(TASK DATA begins)

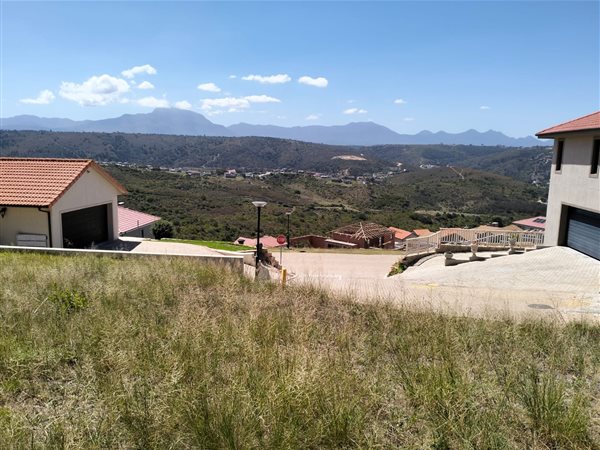 438 m² Land available in Great Brak River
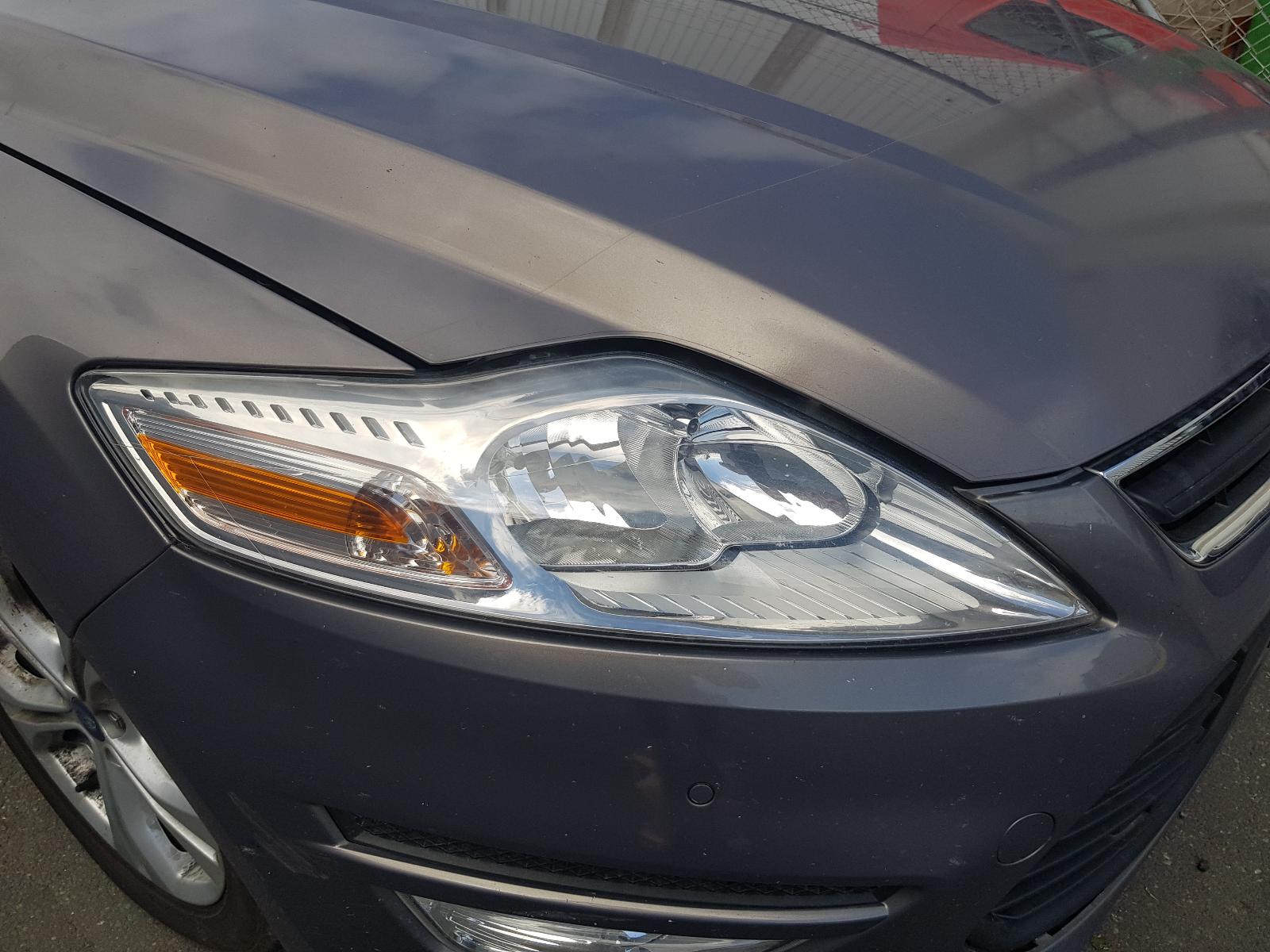 Ford Mondeo - MD 2014-2017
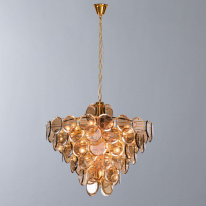 Каскадная люстра Divinare 7566/01 SP-18 в интернет магазине Гет Лайт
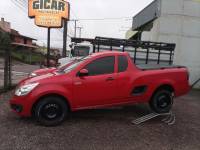 CHEVROLET - MONTANA - 2015/2015 - Vermelha - R$ 45.000,00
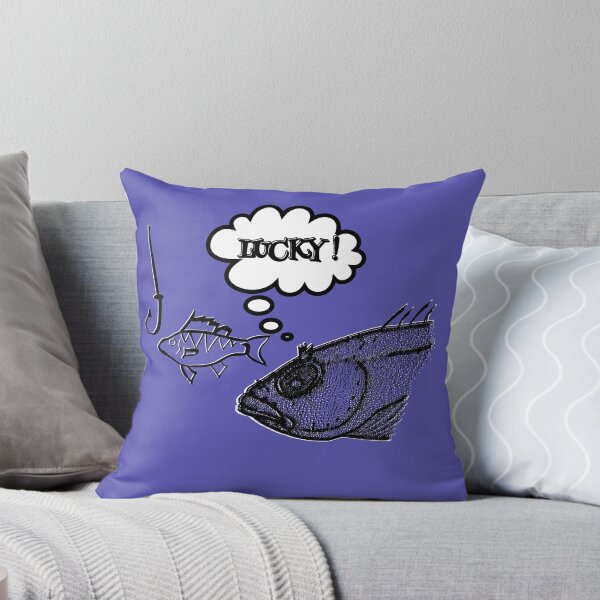 Item preview, Weird Lucky Fish Design designed and sold by Willyboy16.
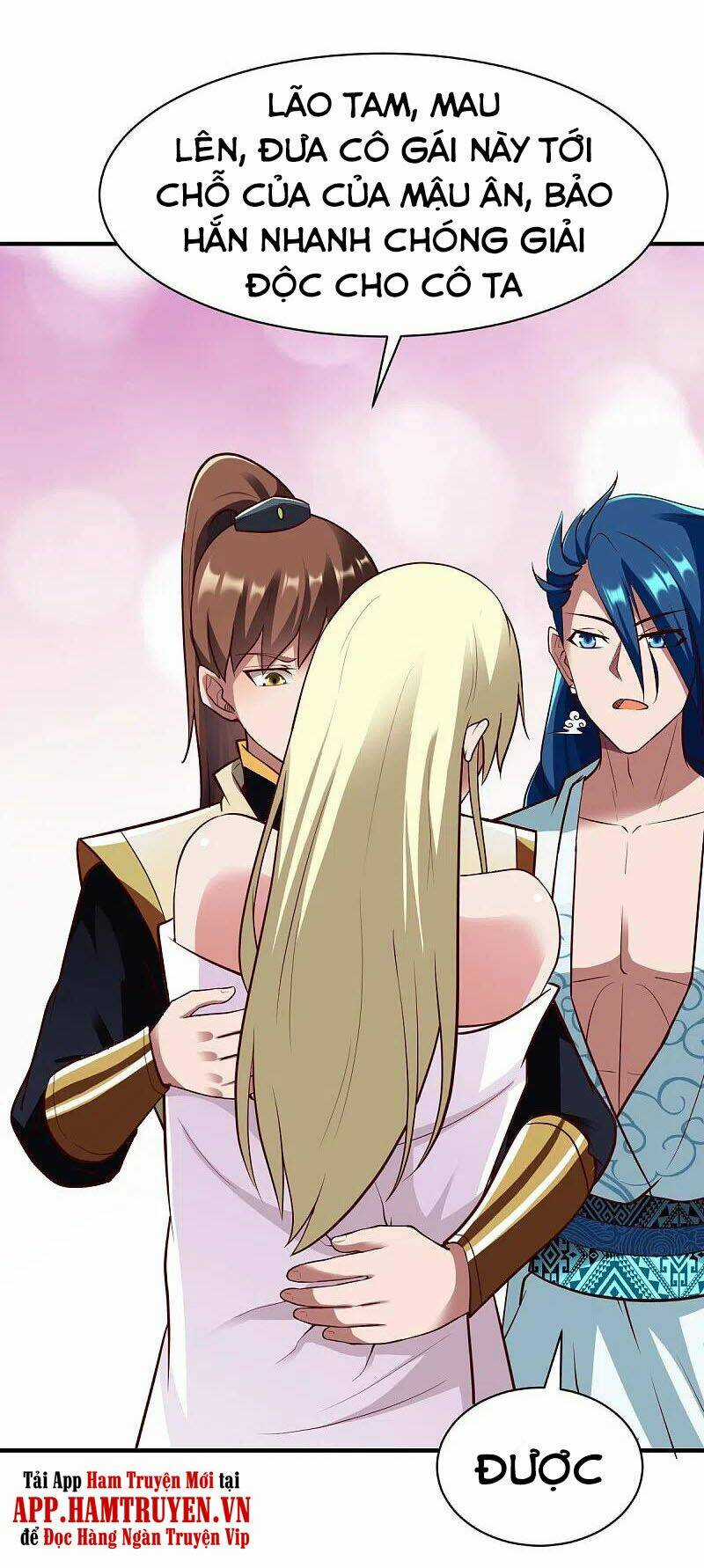 Chiến Đỉnh - Chapter 291 - Trang 17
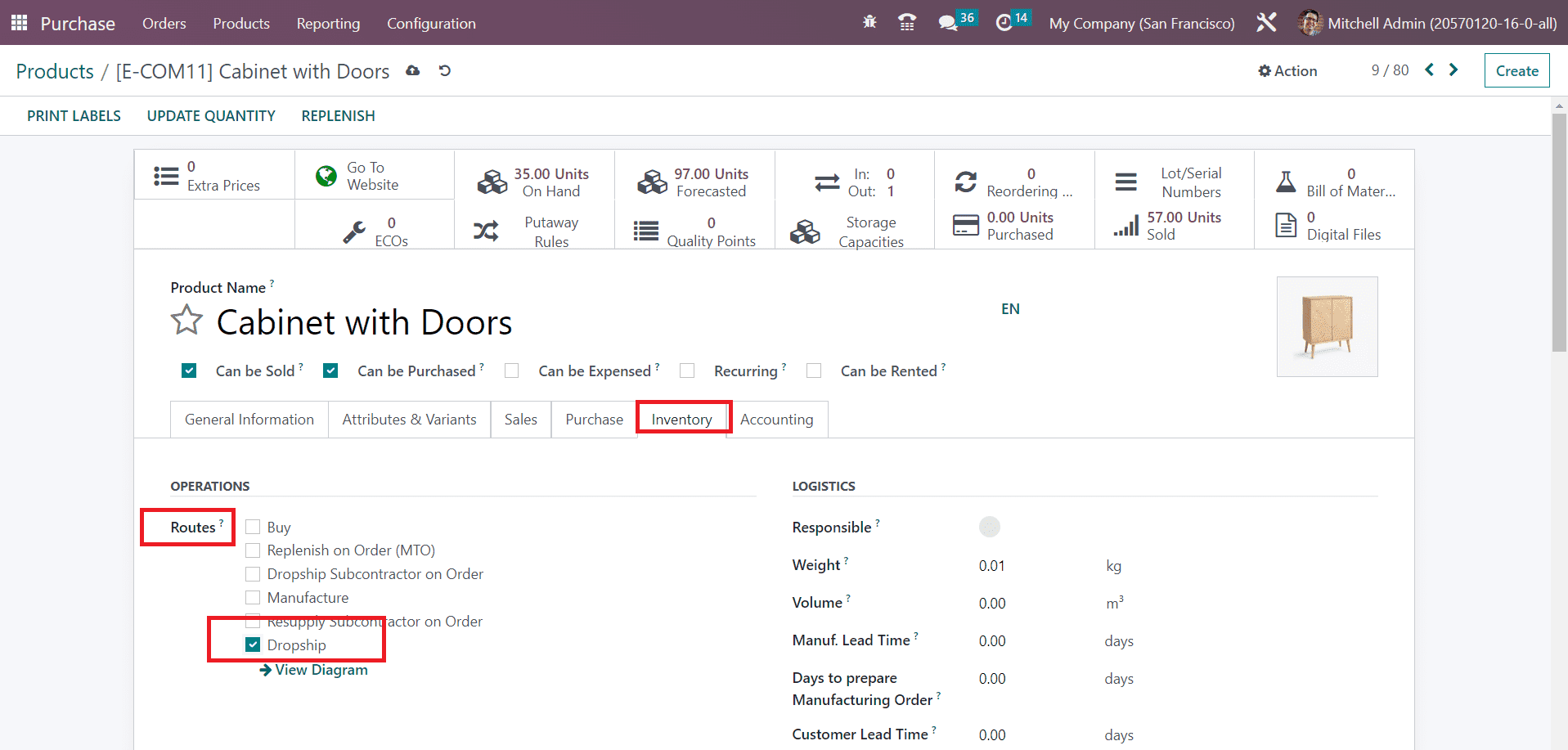 odoo-purchase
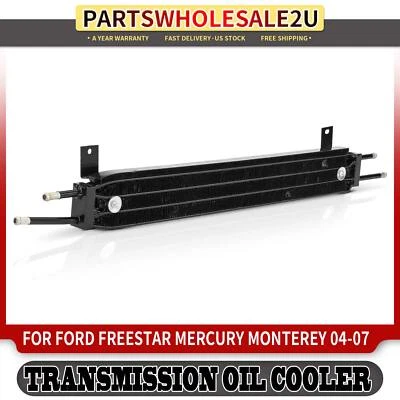 New Transmission Oil Cooler for Ford Freestar 2004 Mercury Monterey 2004-2007 - Image 1 of 4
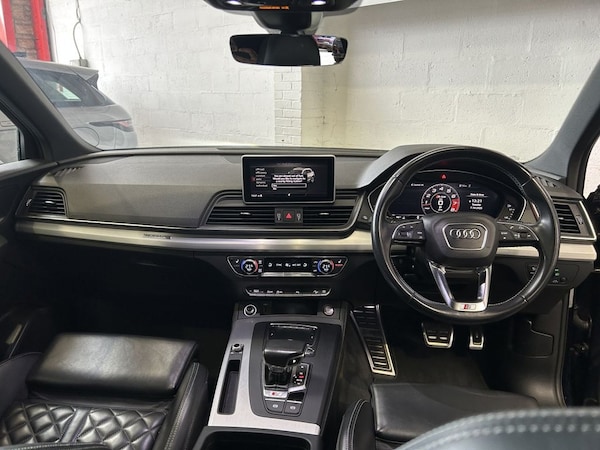 Used Audi Q5 2018 for sale - 76210871: Photo 36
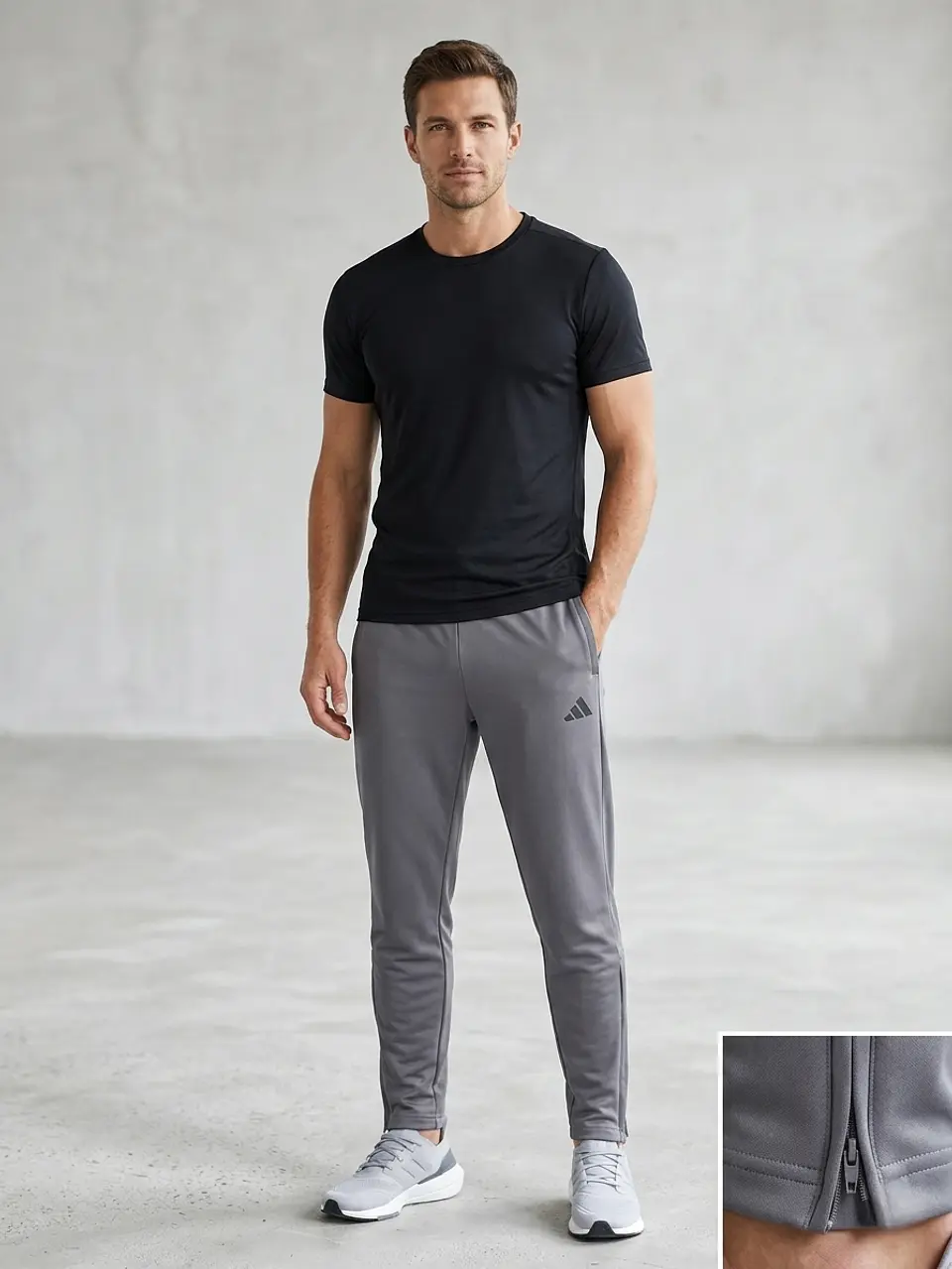 Buzo adidas  1
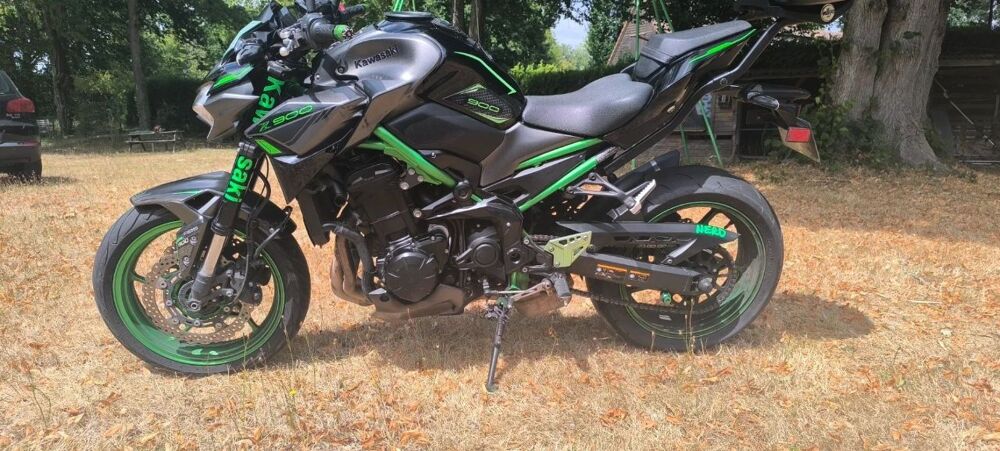 KAWASAKI 2023 occasion 60240 Montagny En Vexin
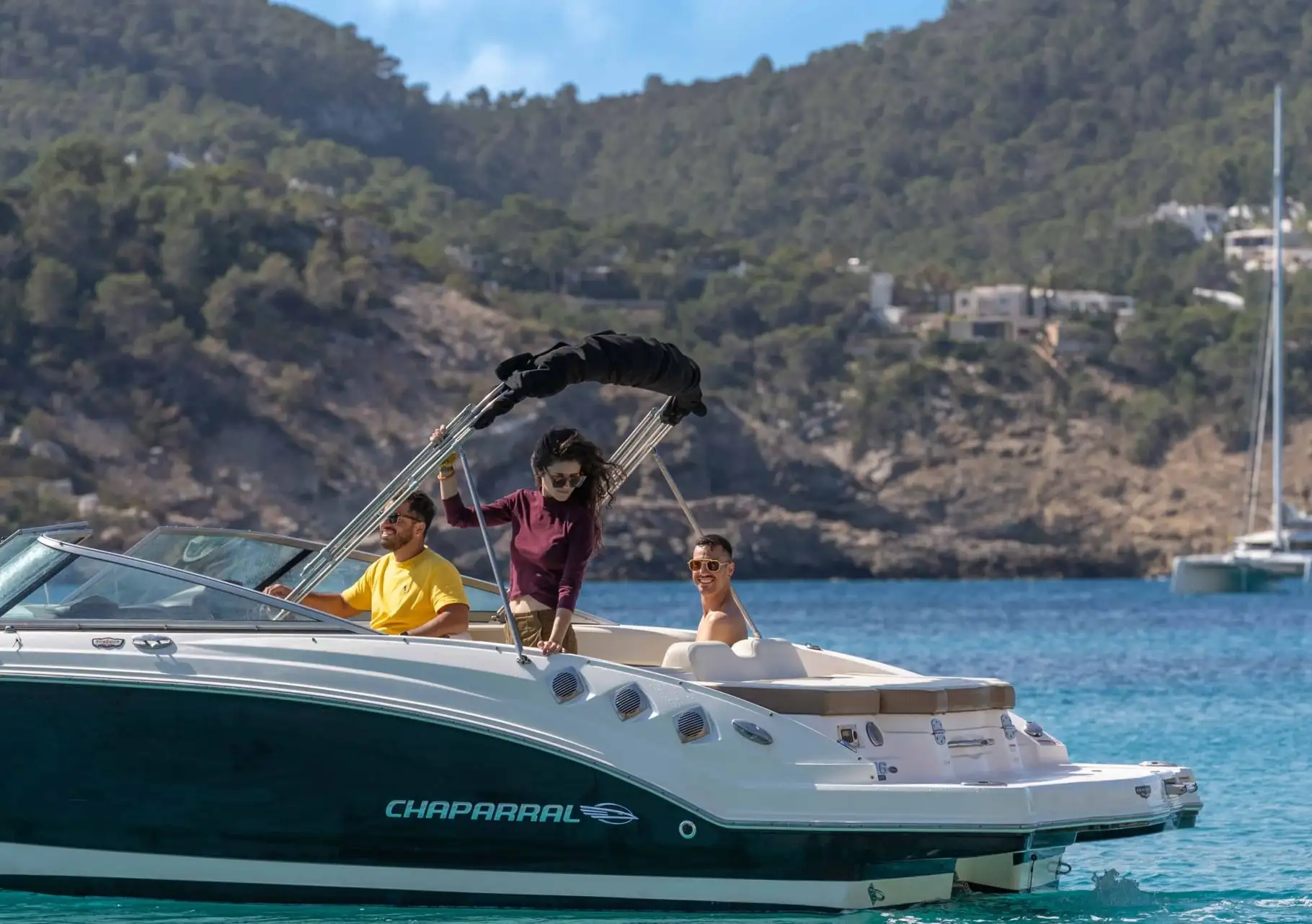 Chaparral — Chaparral 246 With 280 Hp (2024)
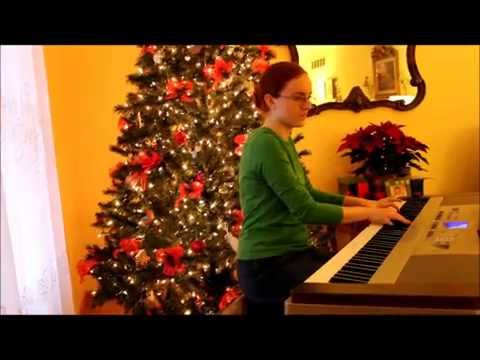 Carol of the Bells-Piano Solo by Leanne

(TASK DATA ends)

WHAT YOU SHOULD DO.
All entries above should be printed exactly, though without their pictures.

RESPONSE AREA.
 438 m² Land available in Great Brak River
 Ford Mondeo - MD 2014-2017
 Каскадная люстра Divinare 7566/01 SP-18 в интернет магазине Гет Лайт
 CHEVROLET - MONTANA - 2015/2015 - Vermelha - R$ 45.000,00
 Item preview, Weird Lucky Fish Design designed and sold by Willyboy16.
 Chiến Đỉnh - Chapter 291 - Trang 17
 odoo-purchase
 New Transmission Oil Cooler for Ford Freestar 2004 Mercury Monterey 2004-2007 - Image 1 of 4
 Used Audi Q5 2018 for sale - 76210871: Photo 36
 Buzo adidas  1
 KAWASAKI 2023 occasion 60240 Montagny En Vexin
 Chaparral — Chaparral 246 With 280 Hp (2024)
 Carol of the Bells-Piano Solo by Leanne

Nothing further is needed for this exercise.